Saya hanya menjawab" hmmm"
Selama diriku sendirian dirumah, saya hanya menonton TV saja. Kebetulan om saya juga masih belum pulang dari kuliah, padahal jam sudah menunjukkan pukul 19:30. Lama kelamaan pun akhirnya menjadi bosan, hanya menonton TV dan tidak ada orang dirumah. Akhirnya saya pun mencoba untuk menelpon teman saya menggunakan telepon rumah.
Ketika aku mengubah posisi dudukku supaya menjadi lebih enak untuk memegang horn telepon, tiba-tiba saja mata ku melihat dengan sendirinya ada sosok bapak-bapak yang mungkin usianya kurang lebih sekitar 40tahunan, mengenakan jubah berwarna putih. Dia terlihat berjalan didalam kamar saya melalui arah dinding yang menuju ke jendela didepan kamar.
Wajahnya terlihat sedang tersenyum namun sebenarnya dia tidak melihat ke arahku. Tidak hanya sekali saja, namun dia berjalan kembali hingga akhirnya hilang di dinding tersebut.
Darah saya pun rasanya langsung naik ke atas kepala. Seluruh badanku juga rasanya sangat panas. Rasa takut pun muncul, ingin teriak namun bibir juga terasa begitu kaku. Ingin jalan keteras yang ada didepan rumah saja tidak bisa, pantat ini seperti telah menempel dikursi. Akhirnya aku hanya bisa duduk sambil menikmati rasa takut yang belum pernah kualami.
Setelah diriku mulai terkendali, saya pun berpikir mengapa wajah yang tadi kulihat seperti tidak asing bagiku..... Wajahnya begitu mirip dengan Pakdhe Suni". Beliau merupakan tetangga saya. Rumah kami hanya berbeda satu blok saja.
Setelah dua minggu kemudian, kami sekeluarga akhirnya pindah ke rumah baru.

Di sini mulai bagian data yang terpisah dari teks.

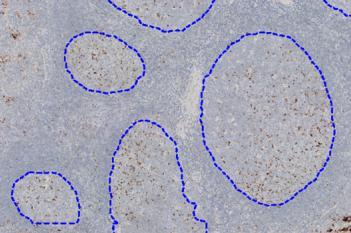 PD-L1, Germinal Center Detection, AI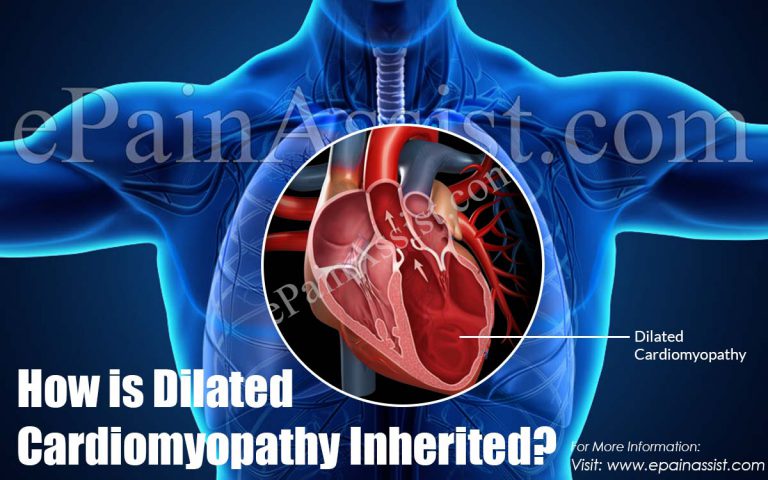 How is Dilated Cardiomyopathy Inherited?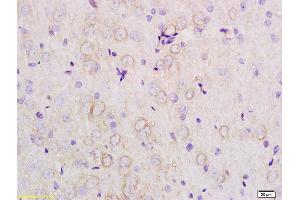 Formalin-fixed and paraffin embedded rat brain tissue labeled with Anti-APOE3 Polyclonal Antibody, Unconjugated (ABIN708761) at 1:200 followed by conjugation to the secondary antibody (APOE antibody  (AA 101-180))
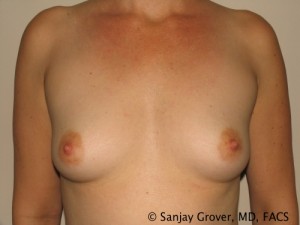Breast Augmentation Before and After 61 | Sanjay Grover MD FACS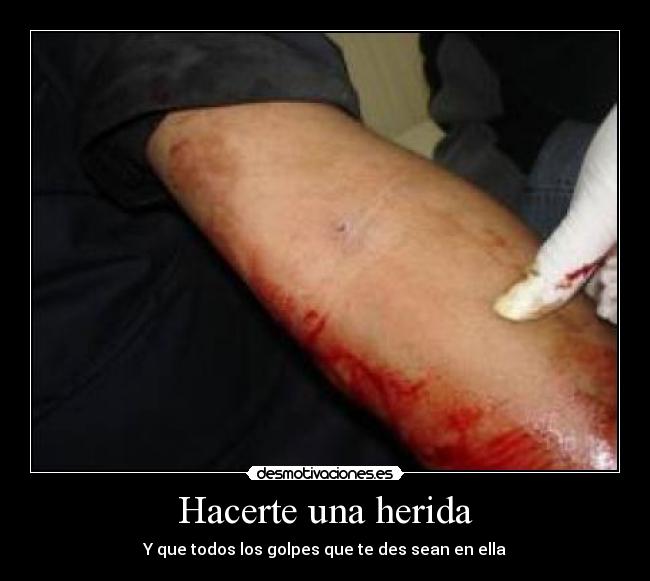Hacerte una herida -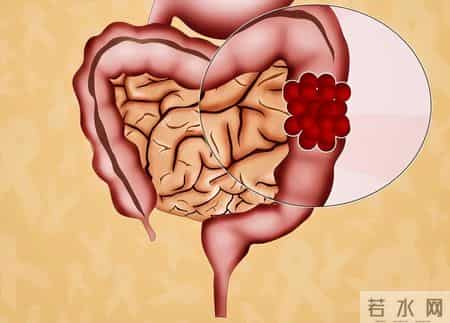 肠息肉不能吃红薯？医生反复提醒：想避免复发，3样食物得慎吃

Walaupun kami telah meninggalkan rumah, namun aku dengan mamaku masih sering untuk bermain dirumah tetangga yang dulu.
Setelah satu bulan kami pindah, kami mendapatkan kabar duka dari tetangga lama kami. Kami mendapatkan kabar jika Pakdhe Suni telah meninggal dunia, Kami akhirnya langsung datang untuk melayat ke rumah duka. Setelah kami selesai melayat dari rumah duka, kami pun mampir ke rumah tetangga kami yang lama yang letaknya berada persis saja di depan rumah duka tersebut.
Fit, hari itu ketika aku lewat didepan rumahmu. Lampunya semua mati. Namun yang anehnya aku dapat melihat ada seseorang yang sedang duduk di depan rumahmu, memakai jubah yang berwarna putih. Ssstttt. wajahnya sangat mirip dengan Pakdhe Suni, ketika Mbak Nuzul bercerita kepada saya.
Saya hanya bisa diam. " Kok sama dengan apa yang saya pernah alami pada dua minggu sebelum aku dan keluargaku memutuskan untuk pindah rumah? Ucap saya dalam hati.
Apakah mungkin pada saat itu saya melihat Pakdhe Suni berada dikamar saya lalu menghilang di dinding dan sudah menjadi mayat? Seperti yang telah dikatakan oleh orang-orang jika empat puluh hari ataupun lebih sebelum orang tersebut meninggal, sebenarnya orang tersebut telah menjadi sebuah mayat.
Atau memang Pakdhe Suni hanya ingin berpamitan dengan kami, para tetangganya?
Sejak peristiwa pertemuan tersebut, akhirnya saya pun menjadi lebih peka terhadap persaan ini.